Adding to its already diverse family of burstable instances for Elastic Computing Cloud (EC2), Amazon Web Services has started rolling out the new t2.nano on Tuesday. The new instance will go on to become the smallest and cheapest of the already existing micro, small, medium and large t2 instances.
We had first heard from AWS during the re:Invent developer conference in Las Vegas that it would soon release a tiny instance type for its AC2 service. True to its words, the t2.nano is finally here.
The new instance will cost you only $4.75 per month ($0.0065 per hour), if used in the US. This is by far the lowest price at which you can run an EC2 instance. The features of the t2.nano include 512 MiB of memory and a single virtual CPU. These specifications are enough for you to apply any workload that requires a consistent baseline performance with the ability to burst. The processors are backed by the latest Intel Xeon processors with clock speeds up to 3.3 GHz.

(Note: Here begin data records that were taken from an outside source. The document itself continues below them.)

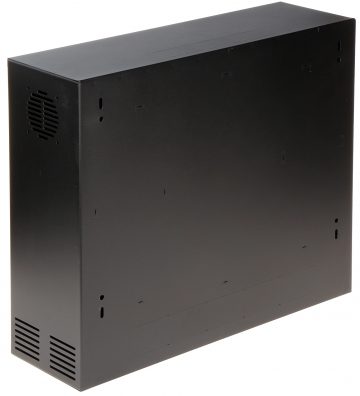 Подвесной шкаф-стойка R19-3U/350/B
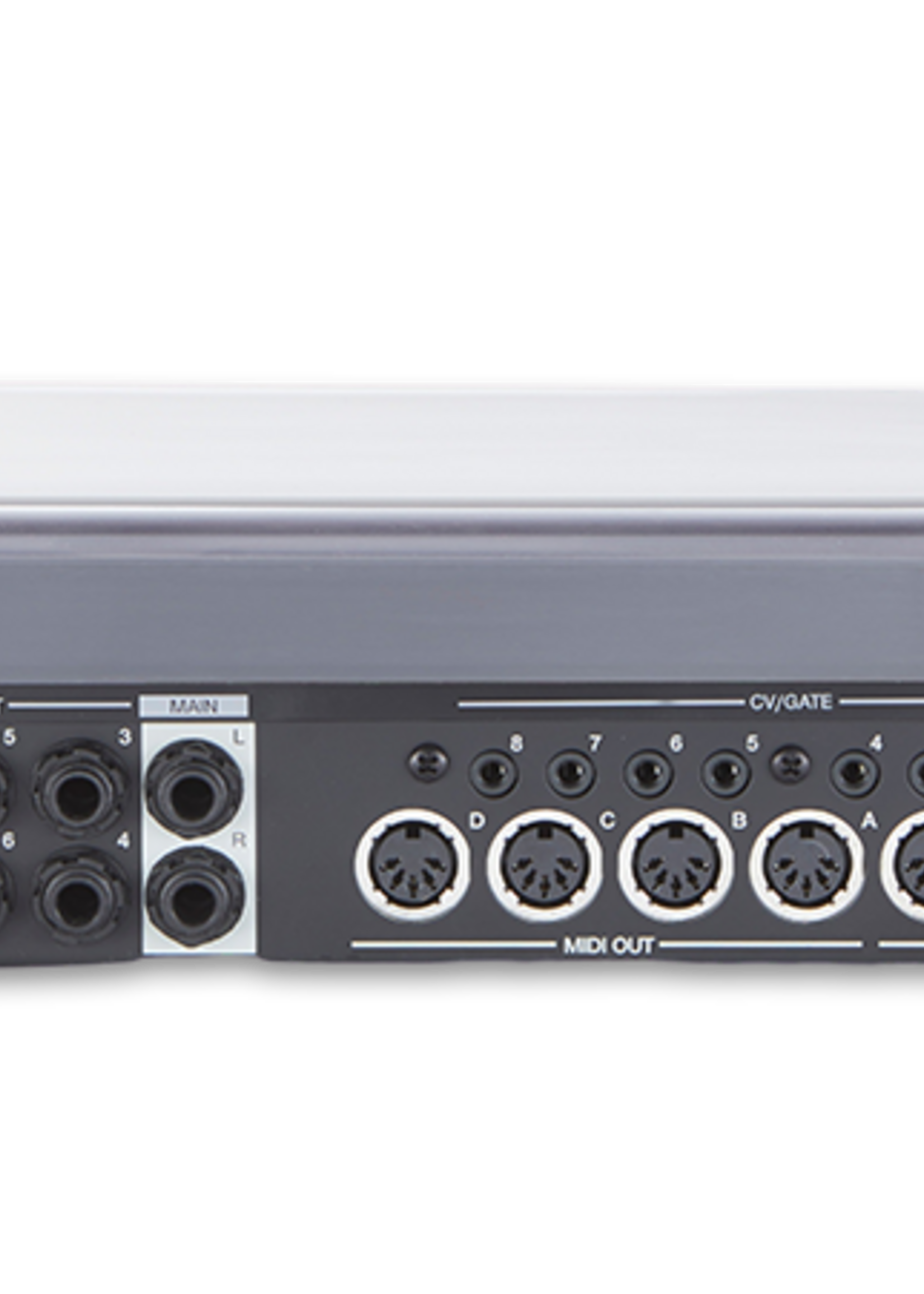 Decksaver Akai MPCX cover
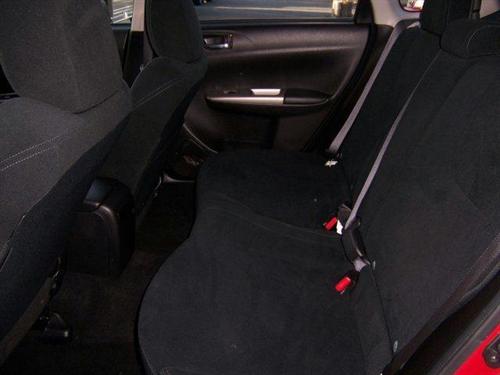 Subaru Impreza 2009 photo 5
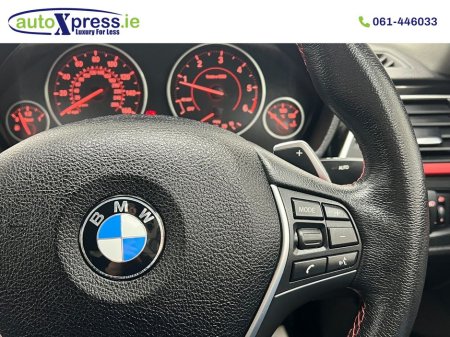 2018 BMW 3 Series 320d ED Sport F30 Automatic €19,995 thumbnail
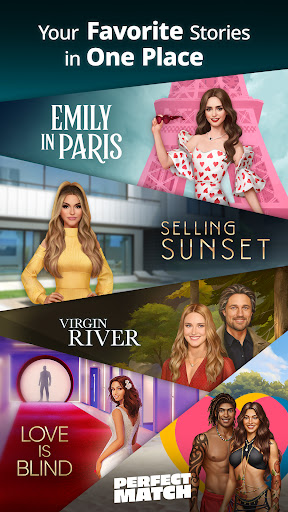 Netflix Stories ekran görüntüsü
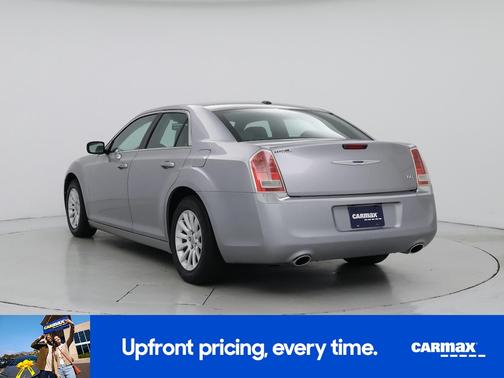 2014 Chrysler 300 Base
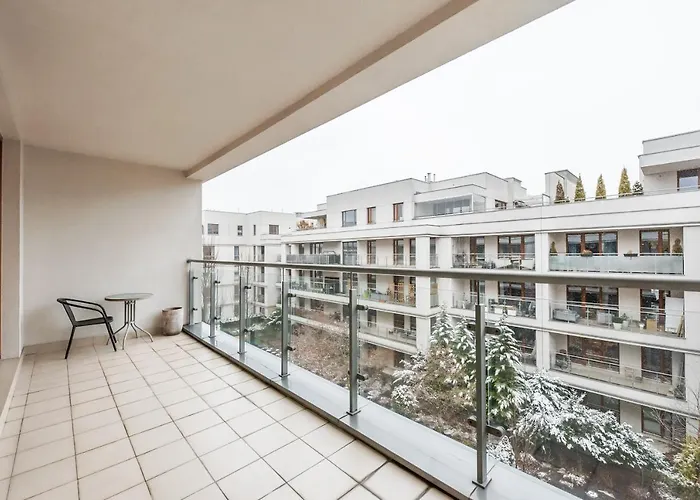 Wilanow Violet By Bookinghost Appartement *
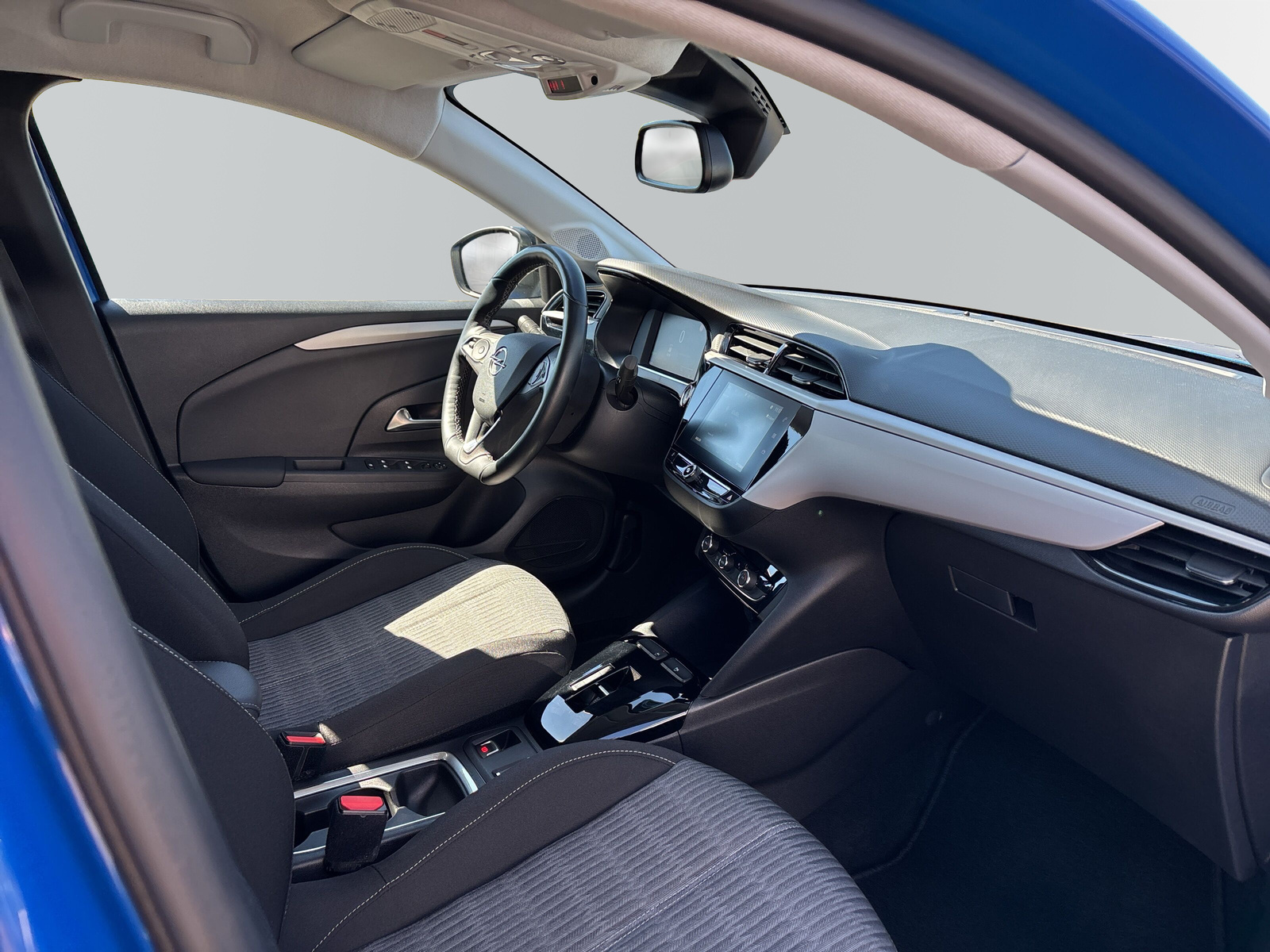 Corsa F e Edition *SHZ*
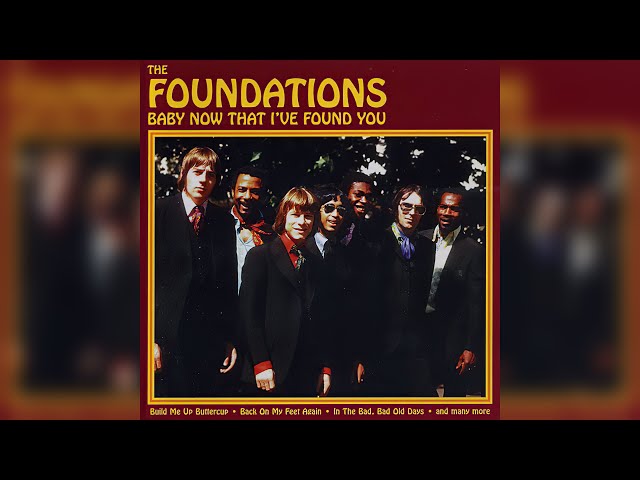 The Foundations - Build Me Up Buttercup (2020 Stereo Mix / Audio) class=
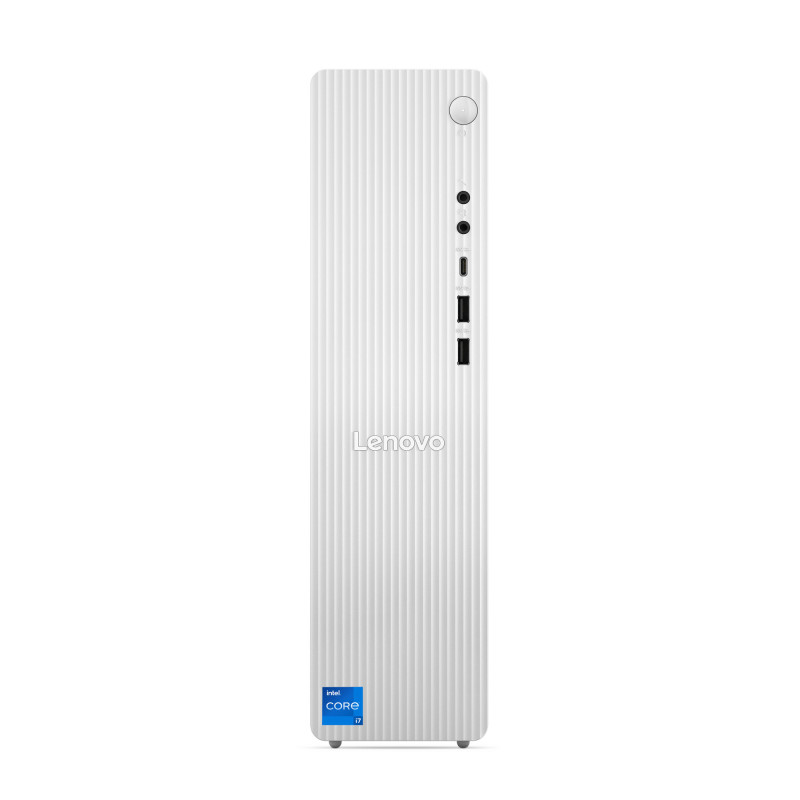 Lenovo IdeaCentre Tower 08IRH9 Intel® Core™ i5 i5-13420H 16 GB DDR5-SDRAM 512 GB SSD Windows 11 Home SFF PC Grigio Lenovo IdeaCentre Tower 08IRH9 Intel® Core™ i5 i5-13420H 16 GB DDR5-SDRAM 512 GB SSD Windows 11 Home SFF PC Grigio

The applications of the t2.nano are many. Here’s what AWS says the t2 is suitable for:
The t2.nano is recommended for low-traffic website hosting, micro services and developer environments which have low memory needs and don’t need consistently high levels of CPU on average, but benefit significantly from having full access to very fast CPUs when they need them. As the requirements of your workload grow, you can scale to larger T2 instance sizes or other EC2 instance types.
The instances are capable of running any operating system regardless of it being a 32-bit variant or a 64-bit one. Though, we (and by that, we mean AWS) highly recommend you not to use Windows.
The instances have been made available in multiple regions throughout the world. These include US East (N. Virginia), US West (Oregon), US West (San Francisco), EU (Ireland), Asia Pacific (Singapore), Asia Pacific (Tokyo), Brazil (Sao Paolo), and the GovCloud (US) region. Other future additions include EU (Frankfurt) and Australia (Sydney).